The Soviets have staged a strained celebration of their marriage of convenience with Libya but are seen as much more concerned over relations with Washington, developments in Poland, and the crisis in Lebanon.

The just-completed Moscow visit by mercurial Libyan leader Muammar Qaddafi marked a propaganda gain for both sides -- with the Libyans getting strong support for their recent military intervention in Chad, and the Soviets getting (hedged) endorsement of their policy in Afghanistan.

There were also Libyan-Soviet military talks, but amid fresh indications of obstacles to a reliable, uneqivocal military alliance.

More immediate Soviet attention, meanwhile, seems elsewhere.

Soviet President Leonid Brezhnev's main formal address during the Qaddafi visit, at a dinner April 27, focused less on Libya than on his troubled relations with the Reagan administration.

There is also unabated concern over Poland, as Soviet press coverage and private official remarks emphasize, although Moscow is reacting with initial caution to latest developments there.

And there is Lebanon, for six years the Arab world's smoldering fire, which is threatening more and more to engulf Soviet-allied Syria and US-allied Israel.

On April 28, Israel escalated its involvement in the latest fighting with an air attack on two Syrian helicopters only a few miles from the Syrian-Lebanese frontier. Syria, reports from the area say, has responded by setting up a battery of Soviet-manufactured surface-to-air missiles.
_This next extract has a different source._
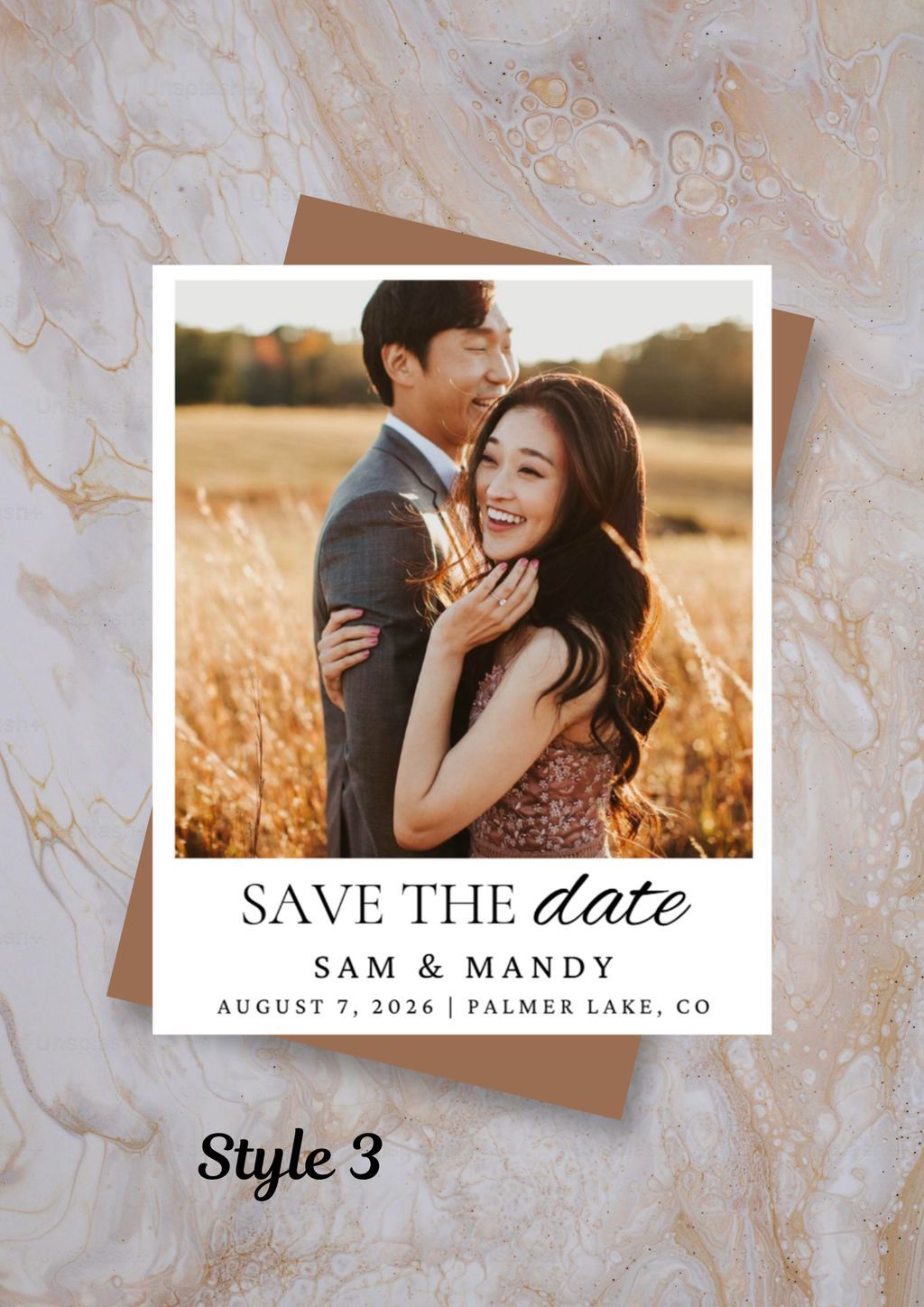 Wedding save the date magnet with a couple in a field on a marble background.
Earlier in April diplomats here had reported indications that the Soviets might see the Lebanese crisis as one means of activating their bid to reenter Arab-Israeli diplomacy, a province the Americans had quite happily monopolized in recent years.

But as the fighting has become more serious, Soviet news media coverage of the crisis has become slightly more restrained.
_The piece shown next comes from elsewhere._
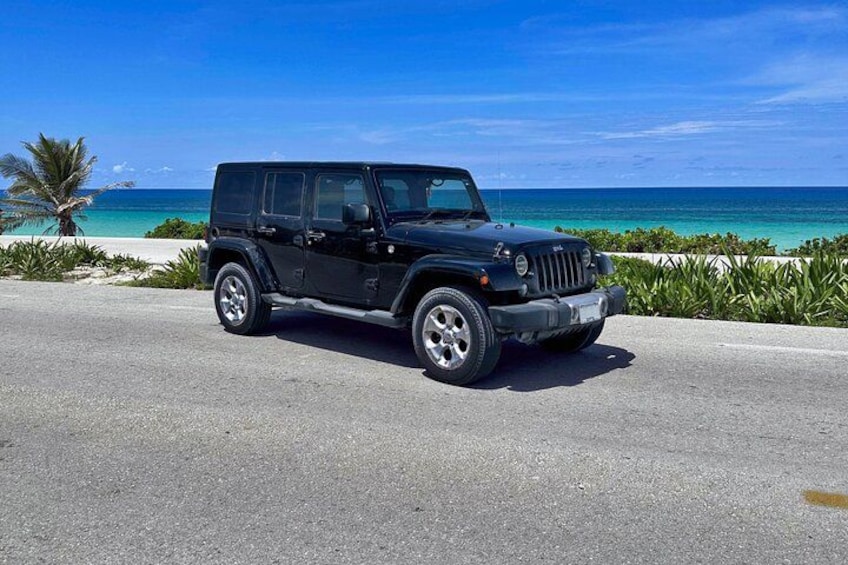 A black SUV parked on a road with a beach and ocean in the background. 3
Arab and Western diplomats see this as a reflection of Soviet reluctance to risk a full-scale Arab-Israeli war, with dangers of superpower brinkmanship.

"I get the strong feeling that the Soviets are very much aware of the enormous danger of the Lebanese situation," a Western diplomat commented privately.
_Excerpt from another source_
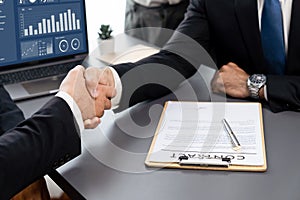 Successful job interview at business office with handshake. Fervent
Colonel Qaddafi, during his Moscow visit, called for an "immediate rebuff" to Israel's "barbarous actions" in Lebanon. But the joint Soviet-Libyan communique was worded more softly, calling for an "immediate end" to outside aggression.

Still, at this writing, it remained unclear whether the Soviets had acted on an April 29 call from Washington to exercise restraining influence on the Syrians, a message reportedly also communicated during the Lebanese crisis by US diplomatic channels in Moscow.

The Soviets feel the fighting has been provoked, ultimately, by the US-armed Israelis in a bid to strike at the Soviet-backed Syrians and Palestinians in Lebanon.

A generally reliable Syrian source here said privately April 30 that the Soviets had not been urging restraint through officials in the Syrian embassy. But other diplomats pointed out such a message might well be conveyed in Damascus rather than here.

On the Polish front, the official Soviet news media reserved immediate comment on a crucial April 29 meeting of the Communist Party leadership in Warsaw.

The authoritative Soviet newspaper Pravda April 30 printed a lengthy transcript of remarks Polish leader Stanislaw Kania made at the meeting. Moscow Radio highlighted Mr. Kania's reported pledge to "preserve and strengthen" socialism, as well as remarks critical of the Solidarity trade union movement.

The Warsaw meeting set a date for an extraordinary Polish Communist congress widely expected to cement profound political reforms. The announcement was reported without comment by Pravda.

But the Polish Communist session did not sack prominent hard-liners, as Warsaw analysts had predicted at one time, presumably in part because of a surprise April 23 visit there by the Soviet Politburo's chief communist ideologue.

Two senior officials, speaking privately to this reporter shortly before the Warsaw meeting began, said they still viewed the Polish situation as serious.

But one suggested that Moscow, whose public statements have ruled out no policy alternatives in dealing with the crisis, had not yet come to any final assessment.

While criticizing the West for "salting the wound" in Poland, he said he thought the present situation was "steady, in relative terms. . . . It could get worse, or it could get better."